- Desirable Fleetwood-style roadster
- Antique Automobile Club of America (AACA) National First winner
- Superb quality restoration
On 4 January 1930, New Yorkers were treated to an engineering tour de force. At the opening of the National Automobile Show at the Grand Central Palace, Cadillac unveiled the world’s first production V-16 automobile engine. The late historian Griffith Borgeson explained it elegantly: “It really made history and it made Cadillac, beyond all discussion, the absolute world leader in motoring magnificence . . . . It was the super engine that set the whole exercise apart.”
The creative genius behind this powerplant was Owen Nacker, an industry veteran who had worked on Howard Marmon’s long-simmering V-16 project.
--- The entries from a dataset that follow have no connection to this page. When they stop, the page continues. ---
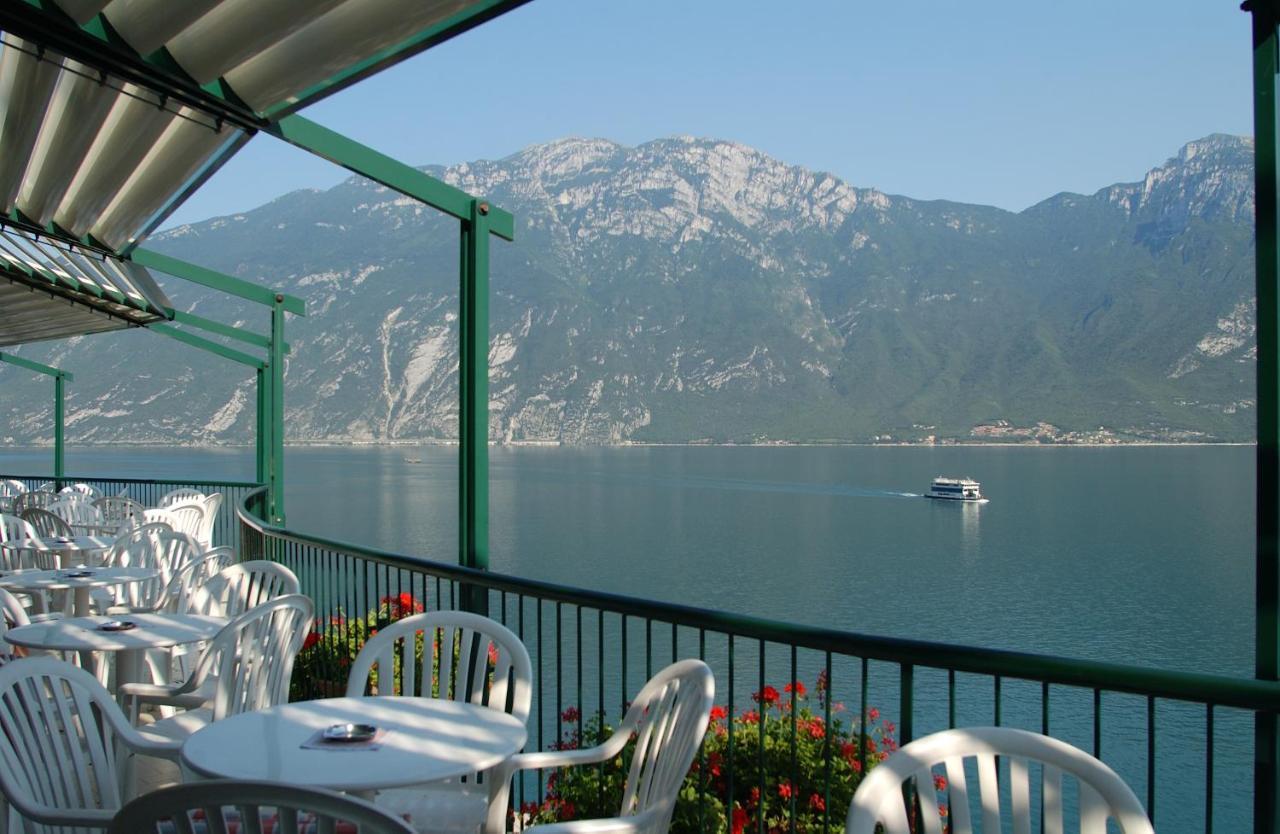 Hotel Astor Лимоне-суль-Гарда Экстерьер фото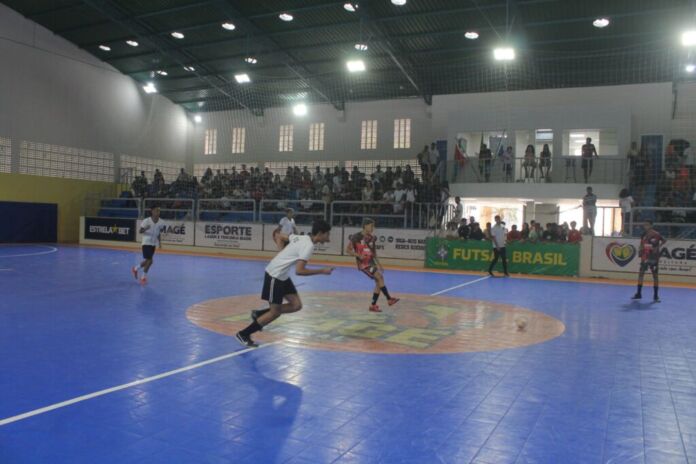 A Prefeitura de Magé anuncia a realização dos Jogos Estudantis Mageenses (JEM 2025), maior evento esportivo escolar do município, que vai mobilizar alunos das redes públicas e privadas em uma grande celebração do esporte, da educação e da cidadania.
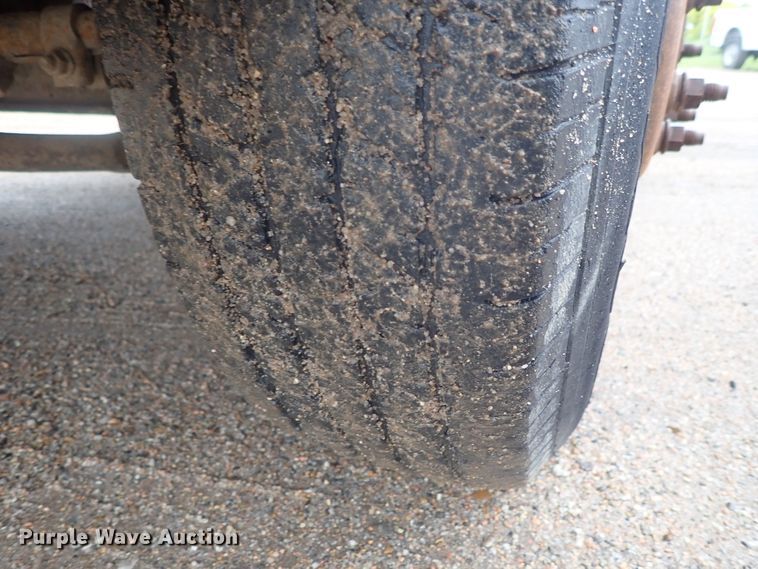 image for item DG3200 2000 Ford F350 Super Duty  flatbed pickup truck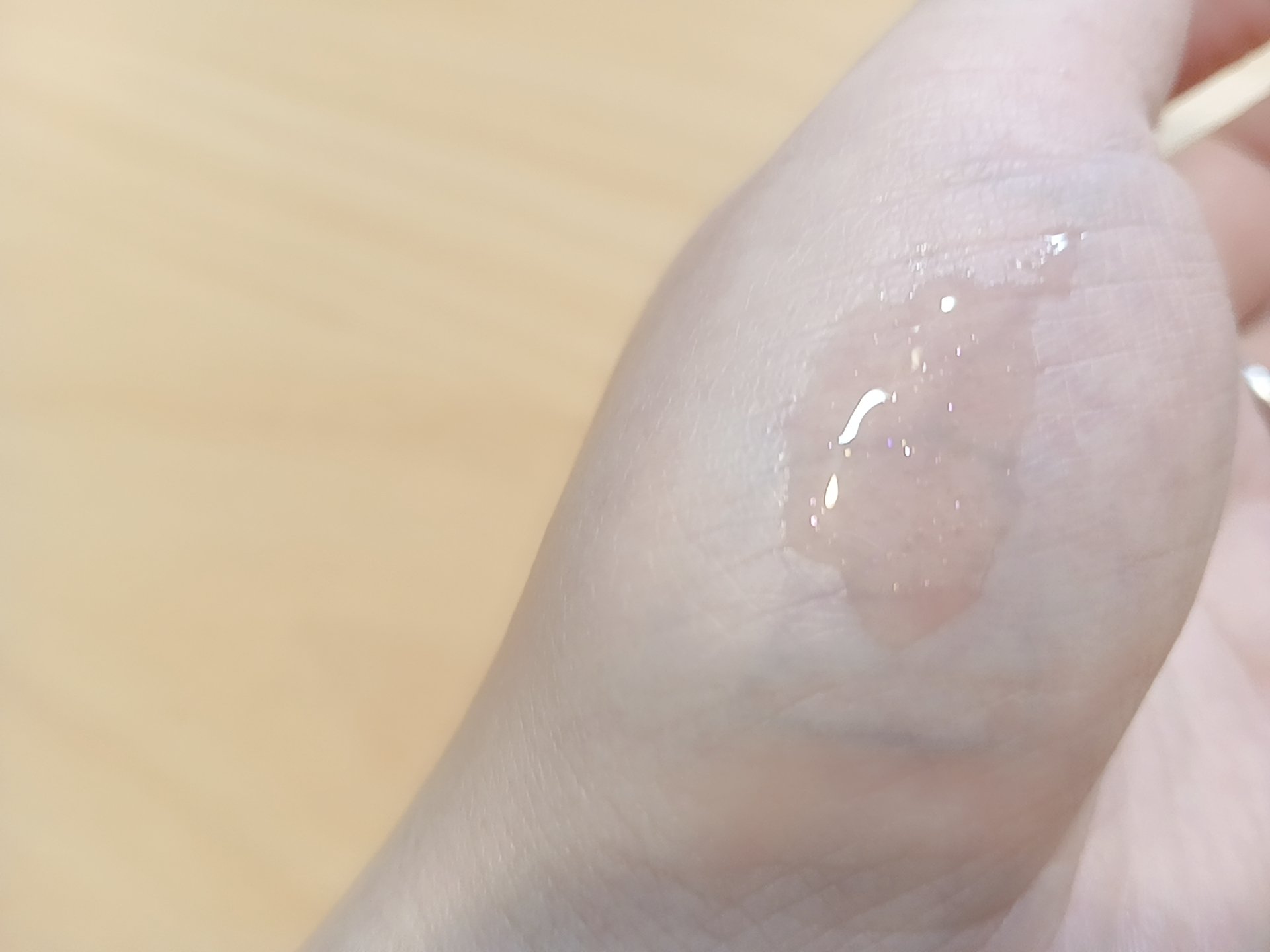 グラスティングウォーターグロス/rom&nd/リップグロスを使ったクチコミ（2枚目）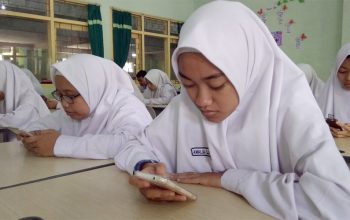 Kasus Siswa di Purwakarta, Cimahi Terbitkan SE Larangan Ponsel di Sekolah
His first project for Cadillac was the LaSalle V-8 in 1927; shortly thereafter, he was working on Cadillac’s own V-16. Nacker flouted a lot of Cadillac tradition. The new engine was designed with overhead valves, which the division had never used. Overhead valves were noisy, but Nacker adopted a new hydraulic lifter setup developed by GM engineering that effectively provided zero-lash operation. With overhead valves, the exhaust manifolds could now move to the outside, important because the narrow 45-degree vee left little room for manifold clutter.
There were plenty of bodies from which to choose. The catalogue listed 54 types, from roadster to town car, most of them from Fleetwood. Some were built in Fleetwood’s original facility in Pennsylvania, while others at the new Detroit, Michigan, plant.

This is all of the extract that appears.